Top of Supplied records
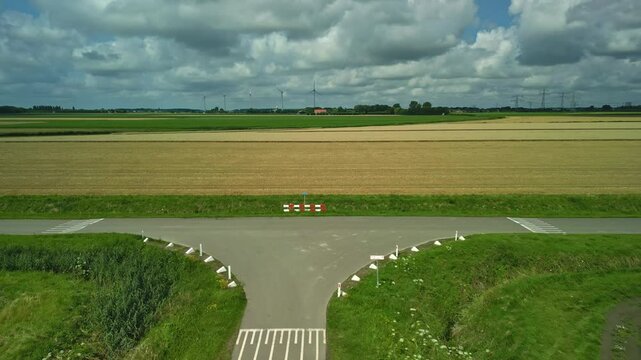 Drone view of a T junction in a road in the middle of the Dutch polder on a cloudy day
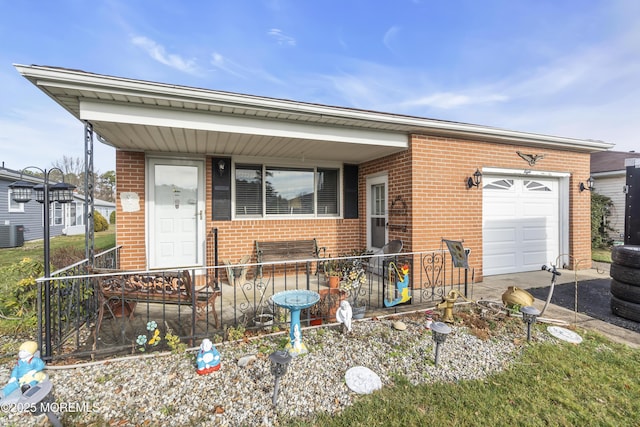 8 Tijuana Ct, Toms River, NJ 08757 - view of front of property with brick siding, an attached garage, and a porch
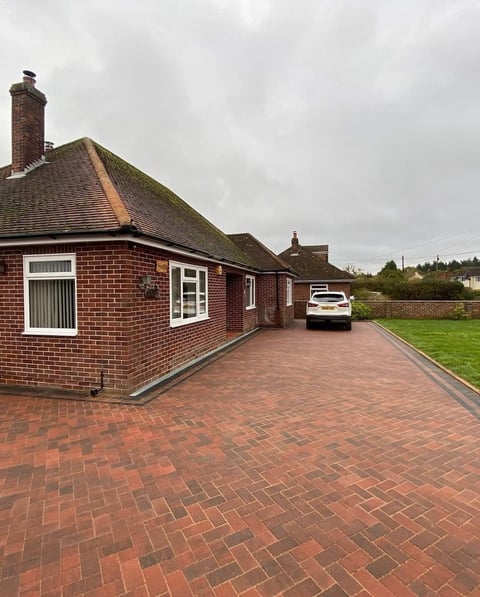 Red brick bungalow with driveway, parked white car, and green lawn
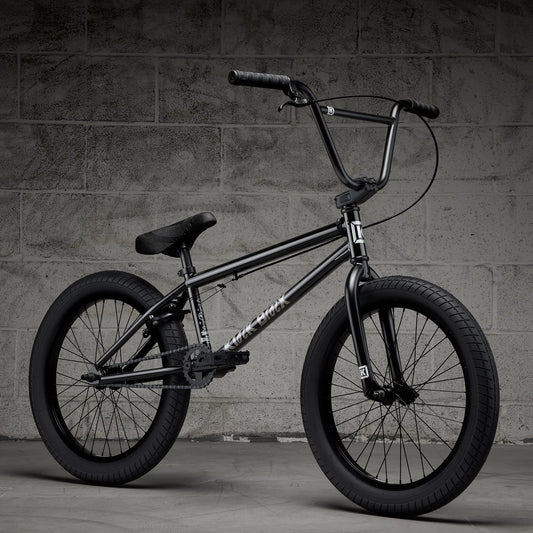 Black BMX bike with front handbrake and knobby tires, side view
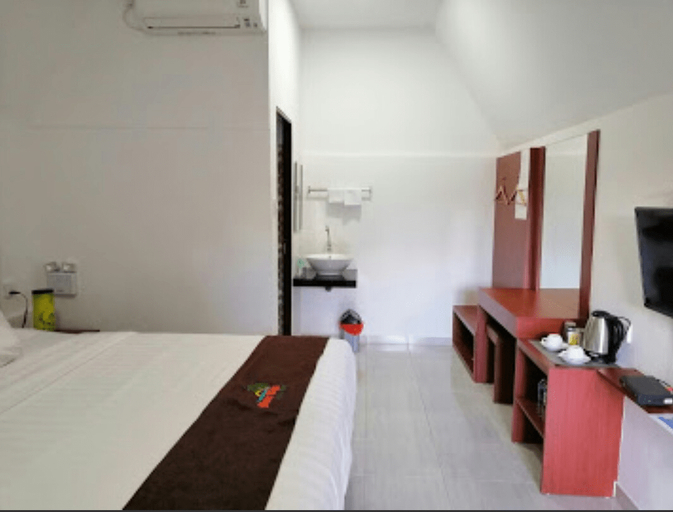 Madu Tiga Beach & Resort - Tap to explore photos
Bottom of Supplied records
• **Task**
Write out exactly, and nothing more than, the lines of the entries above from the line containing "8 Tijuana Ct, Toms" through the final line; omit any pictures.

• **Exercise result**
 8 Tijuana Ct, Toms River, NJ 08757 - view of front of property with brick siding, an attached garage, and a porch
 Red brick bungalow with driveway, parked white car, and green lawn
 Black BMX bike with front handbrake and knobby tires, side view
 Madu Tiga Beach & Resort - Tap to explore photos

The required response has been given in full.